Nós somos Erisictão. Somos movidos por um violento desejo de satisfação. Para cada desejo que satisfazemos, explica Schopenhauer, existem outros dez que não são satisfeitos. A nossa existência tem se tornado um tédio que se alimenta dos nossos míseros prazeres.
O modus operandi da internet intensificou esses estímulos. Segundo Lembke (2022:33), os estímulos das redes sociais são compulsivos e desenfreados, “não apenas fornecendo maior acesso a drogas velhas e novas, mas também sugerindo comportamentos que, de outro modo, poderiam nunca nos ter ocorrido”.
O ser humano é um animal mimético. Os seus desejos não são somente seus. René Girard esclarece que desejo é desejo de desejo.
No mundo virtual, esses desejos imitados são elevados a um outro nível, pois os estímulos são ampliados. A vontade por satisfação aumenta, aumentando, na mesma proporção, a nossa miséria existencial.
Erisictão queria devorar o mundo e acabou por devorar a si mesmo. Pregado à roda de Íxion, giramos em busca por saciedade, por uma paz interior que se torna cada vez mais difícil de ser alcançada. Aquilo que no princípio era uma delícia acabou por se transfigurar em tormento.
As tentativas de ir em busca de uma paz interior não se tornam menos violentas. Atualmente, os remédios são, na verdade, amputações. Para se verem livres desse desespero dos desejos as pessoas se submetem a práticas severas.
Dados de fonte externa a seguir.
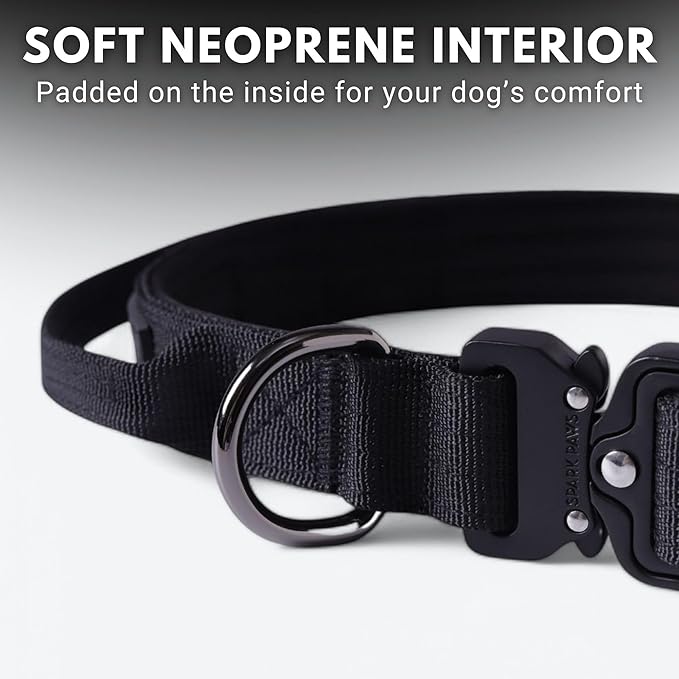 Spark Paws Tactical Dog Collar - Heavy Duty, Premium Quality, Thick and Durable for Large and Medium Dogs - Black - XS - 1"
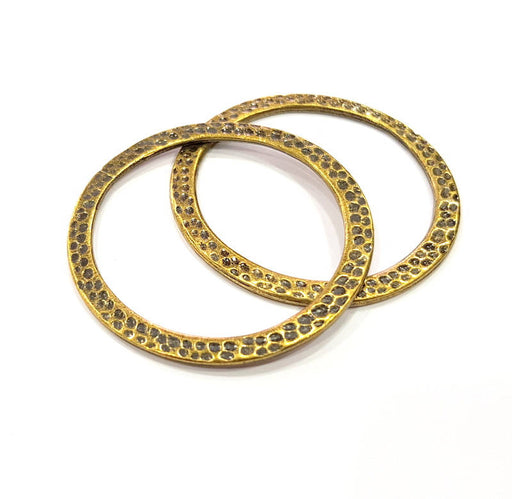 2 Hammered Circle Connector Antique Bronze Charm Antique Bronze Plated Metal Charms (47mm) G10539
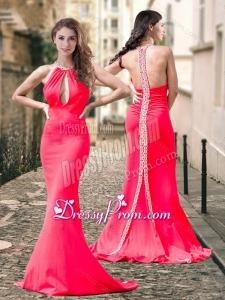 2016 Exclusive High Neck Coral Red Prom Dress with Brush Train
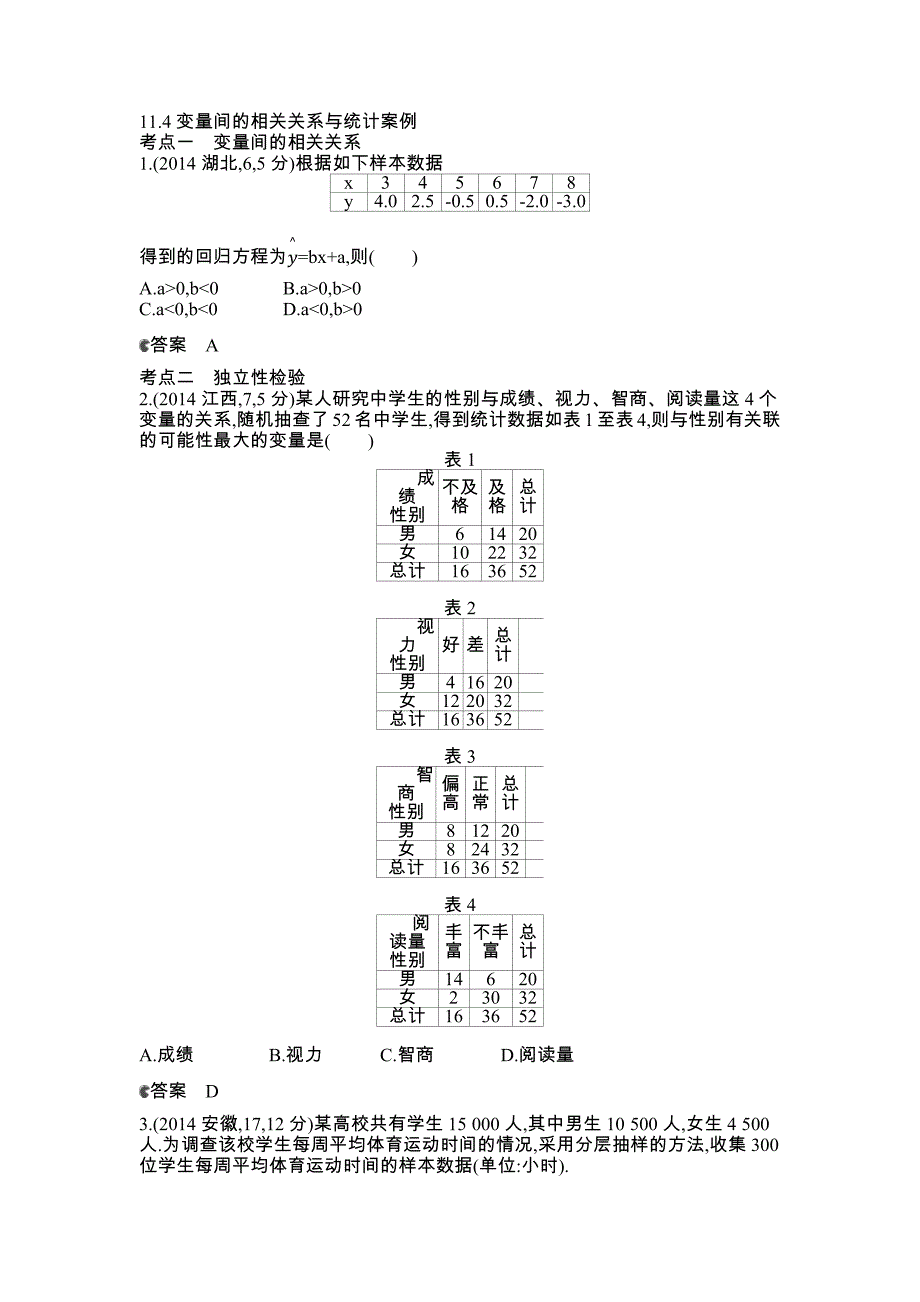 2015高考文数一轮--2014年高考真题分类汇编：11.4变量间的相关关系与统计案例_第1页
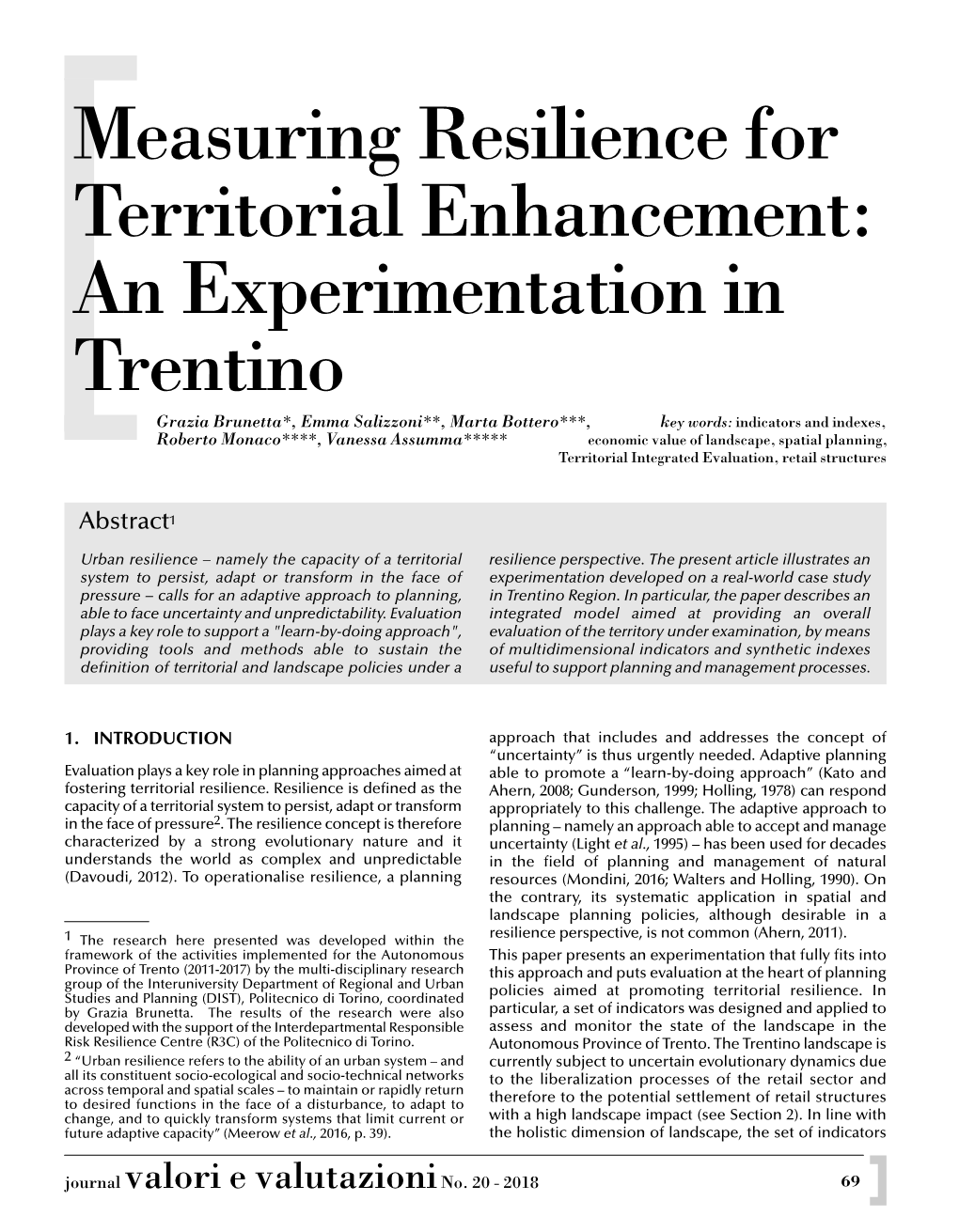 Measuring Resilience for Territorial Enhancement: an Experimentation in Trentino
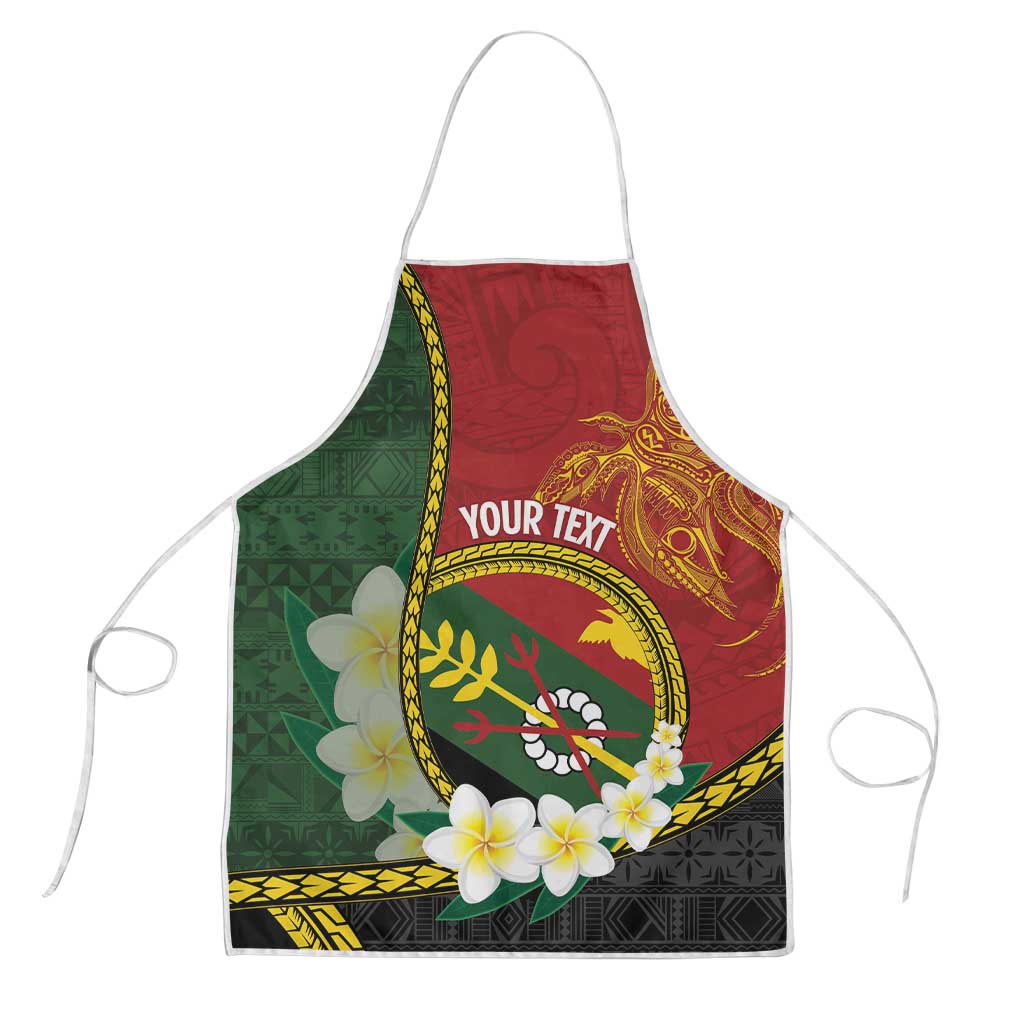 Personalised PNG Simbu Provins Apron Papua New Guinea Plumeria Melanesian Pattern - Polynesian Pride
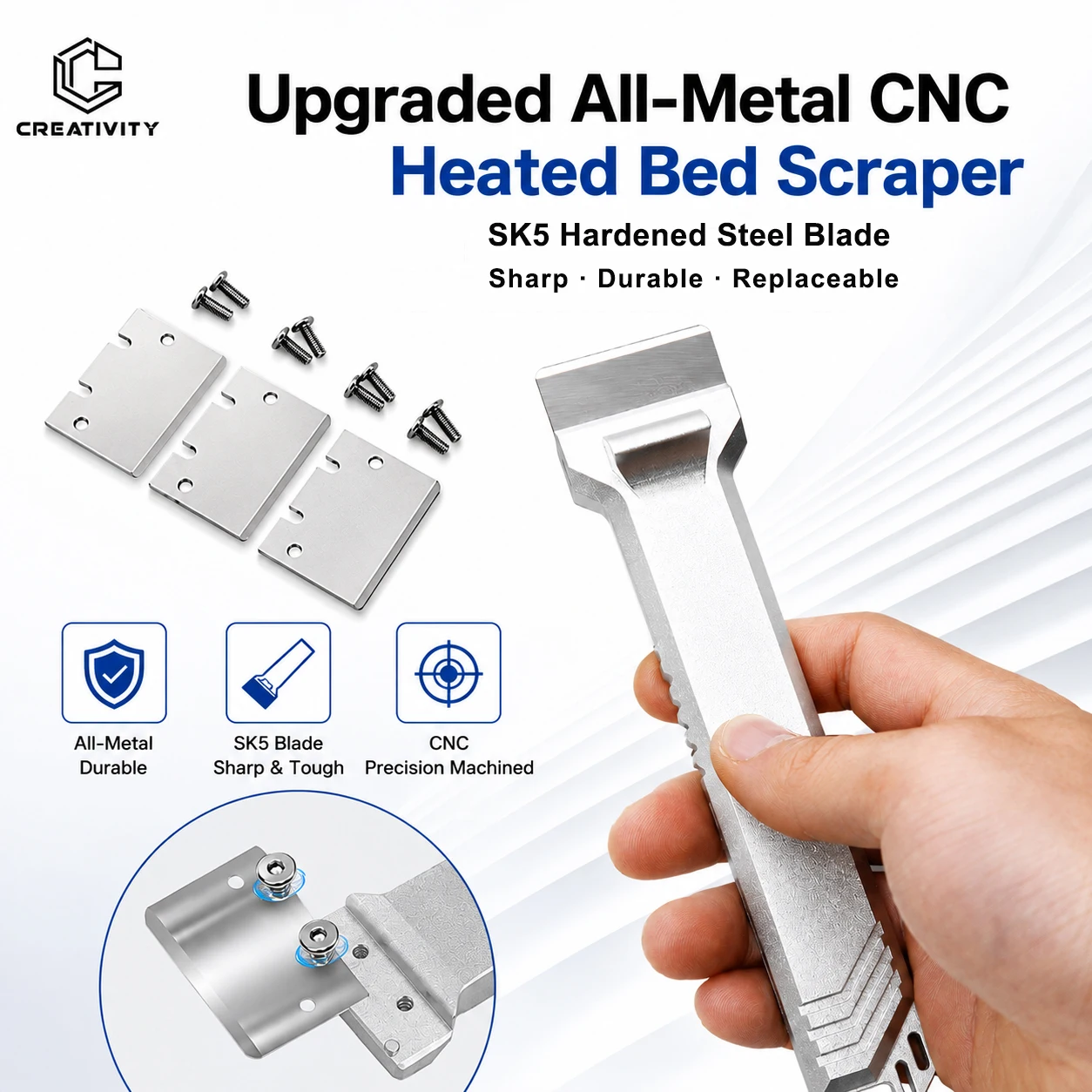 For 3d Printer Scraper All Metal CNC Machined SK5 Blade Cleaning Tool For Ender3 CR10 Lab A1 X1 P1P P1S H2D U1 3D Printer Parts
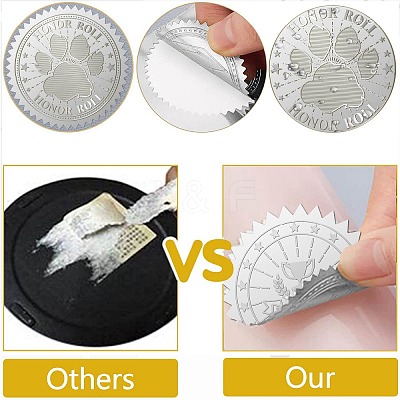 34 Sheets Silver Foil Embossed PET Picture Sticker DIY-WH0528-009-1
O estoicismo foi transformado em autoajuda. O que importa é ter uma sensação de melhora ou uma demonstração pública de que é outra pessoa.
A esmola dos desejos apenas foi modificada. Se antes ela recebia uma satisfação gratuita, doravante a satisfação é com esforço; se antes as delícias eram provenientes de prazeres fáceis, doravante as delícias exigirão sofrimento.
Muitos vivem em uma relação masoquista sem terem consciência disso. Pior: a anedonia, que é a incapacidade de desfrutar qualquer tipo de prazer (LEMBKE, 2022), tornou-se presente na vida de muitos.